The G20 says countries need to come together to enhance global coordination in order to help restore global economic growth. The Summit aims at obtaining commitment from World leaders on three key issues:
* First, to take whatever action is necessary to stabilise financial markets and enable families and businesses to get through the recession
* Second, to reform and strengthen the global financial and economic system to restore confidence and trust.
* Third, to put the global economy on track for sustainable growth
The World Bank recently completed a report on the impact of the financial crisis in developing countries. The World Bank says financial conditions facing developing countries have deteriorated sharply. It estimates that developing countries face a financing gap of between $270bn and as much as $700bn depending on the severity of the economic and financial crisis and the strength and timing of policy responses. Reportedly, 94 out of 116 developing countries have experienced a slowdown in economic growth. Of these countries, 43 have high levels of poverty. World Bank Group President Robert B. Zoellick said *”This global crisis needs a global solution and preventing an economic catastrophe in developing countries is important for global efforts to overcome this crisis.”*
US President Barack Obama has said the US had two goals at the G20 – to ensure joint action to jump-start economies and to move forward on a regulatory reform agenda. US Treasury Secretary Tim Geithner echoes this, saying the US Administration believes it is essential for other major countries to commit to substantial and sustained efforts to bolster their economies. At the same time, he believes the US must strengthen cooperation to fight money laundering and terrorist financing and *”to crack down on those who use offshore tax havens to escape paying their share of taxes.”* And, Head of the US Federal Reserve, Ben Bernanke, also has called for the revamping of the global system of financial regulation.

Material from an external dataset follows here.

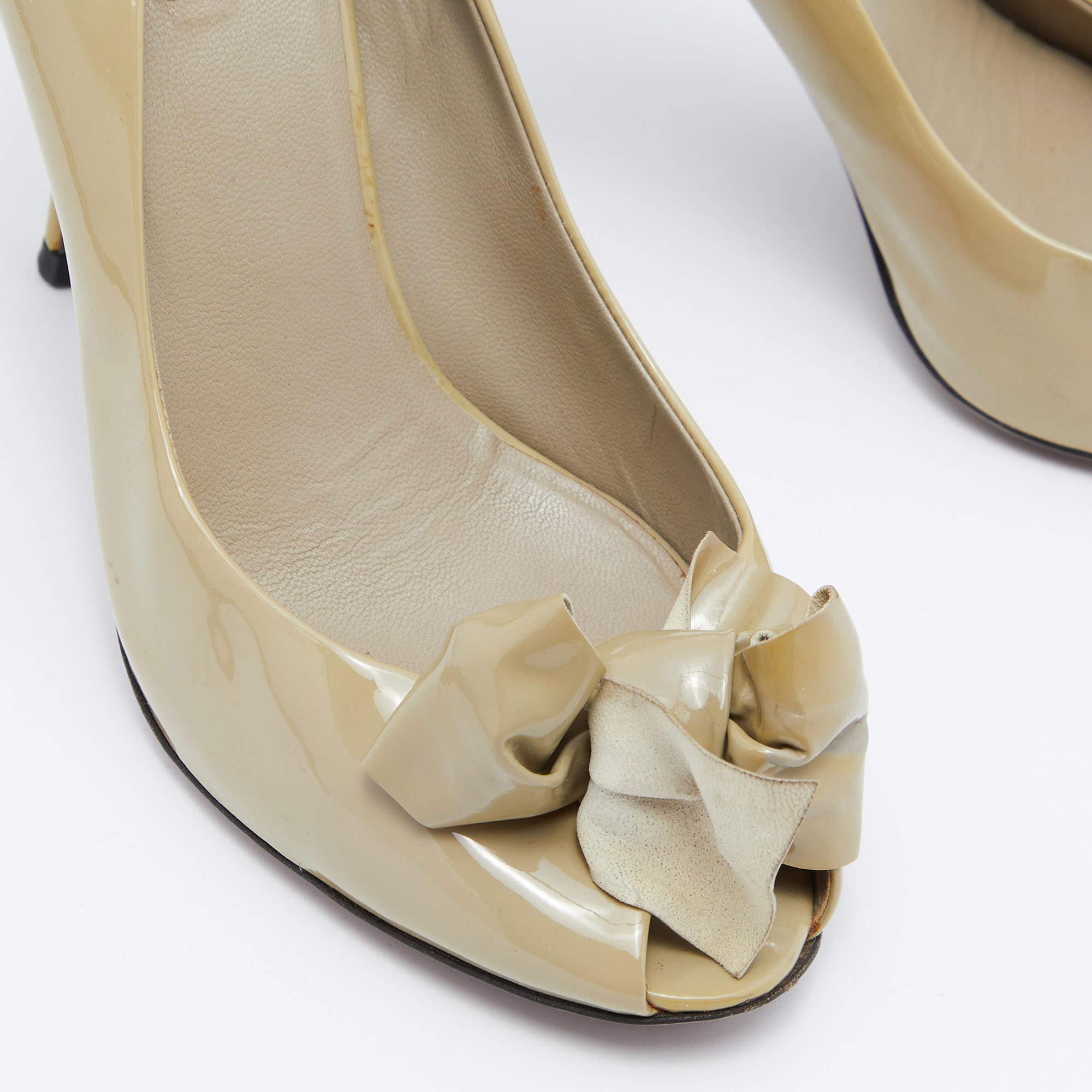 Bombas con lazo en charol verde de Miu Miu talla 36.5 en venta 2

UK Prime Minister Gordon Brown will host the Summit. He believes that the aim of the London summit is no less than the redesign of the world financial system. Secondly, he has said, there will be efforts to prevent a future crisis by strengthening the international regulation of banks and other financial institutions. In an address to the US Congress last week, the Prime Minister queried, *”.. how much safer would everybody’s savings be if the whole world finally came together to outlaw shadow banking systems and offshore tax havens?”*
G20 Officials reportedly are drawing up a list of uncooperative havens and discussing sanctions. The G20 is believed to be drawing up its list from three overlapping groups of havens: those that have no double taxation conventions, which allow countries to swap information on taxpayers; those that have refused to accept the idea of new tax TIEAs; and those which agreed in principle to TIEAs but have failed to sign them.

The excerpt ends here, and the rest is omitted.